I was overwhelmed with gratitude when I learned an endowed fund had been established in my name for faculty professional development. The work the faculty are asked to do is multidimensional. Yes, they need to know their content areas and coaching areas and be apprised of the latest brain research and pedagogy; however, they also need to understand and, more importantly, appreciate adolescence. They need to parent in the residence halls and support the emotional well-being of each student in their care. They also need to support community standards and respond in emergency situations. These are tall tasks, and ones requiring training, practice, and support. My hope is this fund will support training in all areas of school life. Jess MacLeod, as Dean of Faculty, has established a professional development model where each of these areas will be covered. The fund will support the continual training of the faculty so they feel ably readied to support the students in their care.
Kelsey, my daughter, also spoke at the reunion event. As an experienced boarding school educator and leader, she spoke of the term “in loco parentis” and how seriously I have embraced this expectation during my career. Kelsey shared, “Thank you for showing me, and others, what it is to have an open home and heart to your students. While the intellectual gifts you cultivated in Lane Hall are lifelong, residential schools are also places where learning transcends the boundaries marked by the whiteboards—no one knows that more than you. You have watched, supported, and cared for so many students as they transitioned from adolescents to adults and moved on to the next chapter of their lives.”

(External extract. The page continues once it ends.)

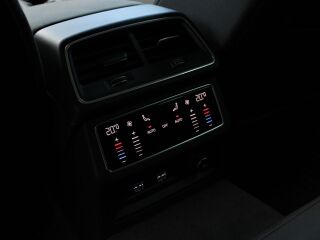 Audi A6 Avant Quattro 40 TDI 2.0 150kW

While I will no longer have an office at New Hampton School, I hope my relationships with those I have met at New Hampton School “transcend the whiteboard.” Social media can be a distraction, but it is also a valuable tool to remain connected to people. Please stay connected to me, your New Hampton School classmates, and your former teachers. Relationships bolster us; they define us; they make life full. So, I hope my departure from a formal role at New Hampton School is not “goodbye” but rather “see you soon.”